A medida foi oficializada nesta terça-feira (24), por meio de publicação no Diário Oficial da União.
De acordo com a pasta, a decisão foi tomada após análise técnica que identificou risco fitossanitário nas cargas destinadas ao mercado brasileiro.
O Ministério informou que o intenso trânsito de grãos oriundos de países vizinhos para o território marfinense pode favorecer a mistura de amêndoas de diferentes procedências nos lotes embarcados ao Brasil.

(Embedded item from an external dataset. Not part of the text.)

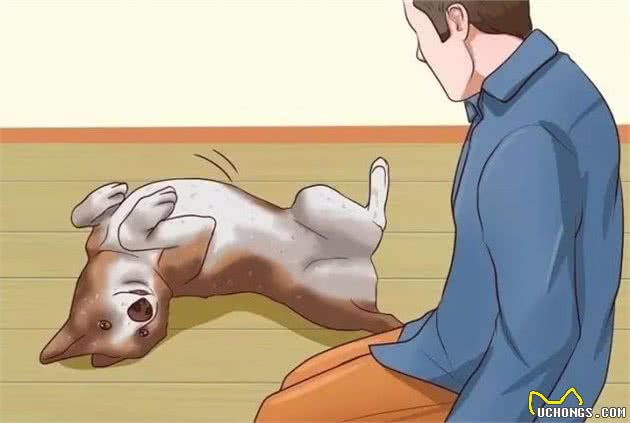 如何制止犬不良的吠叫行为？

Segundo o governo federal, parte dessas nações possui status fitossanitário desconhecido em relação à cultura do cacau ou não tem autorização para comercializar o produto com o Brasil. O ato determina ainda que a Secretaria de Comércio e Relações Internacionais e a Secretaria de Defesa Agropecuária adotem providências para apurar eventuais casos de triangulação comercial, diante da suspeita de que amêndoas oriundas de países como Gana, Guiné e Libéria estejam sendo incluídas em cargas declaradas como sendo da Costa do Marfim.

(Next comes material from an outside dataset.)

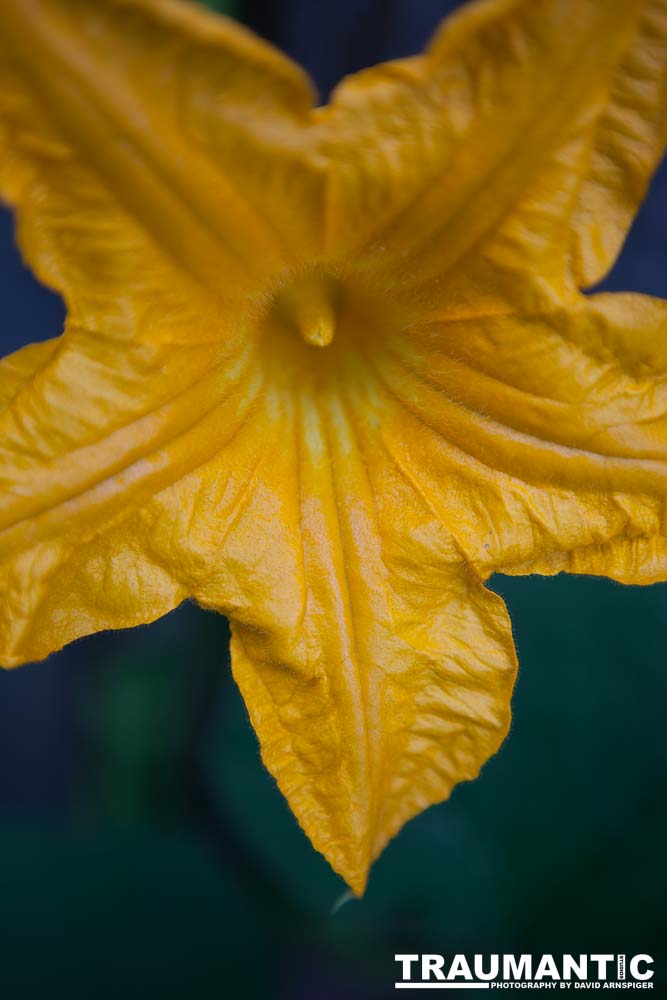 A beautiful little squash flower in our yard.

A restrição permanecerá em vigor até que o governo marfinense apresente manifestação oficial e garantias formais de que os envios destinados ao Brasil não contenham cacau produzido em países sem habilitação sanitária.
A decisão foi tomada após articulação do governador do Pará, Helder Barbalho, em Brasília. O estado lidera a produção nacional de cacau.
Durante a agenda, Barbalho se reuniu com o ministro da Agricultura, Carlos Fávaro, e outras autoridades, com o objetivo de defender os interesses estratégicos dos produtores de cacau do Pará e de todo o país.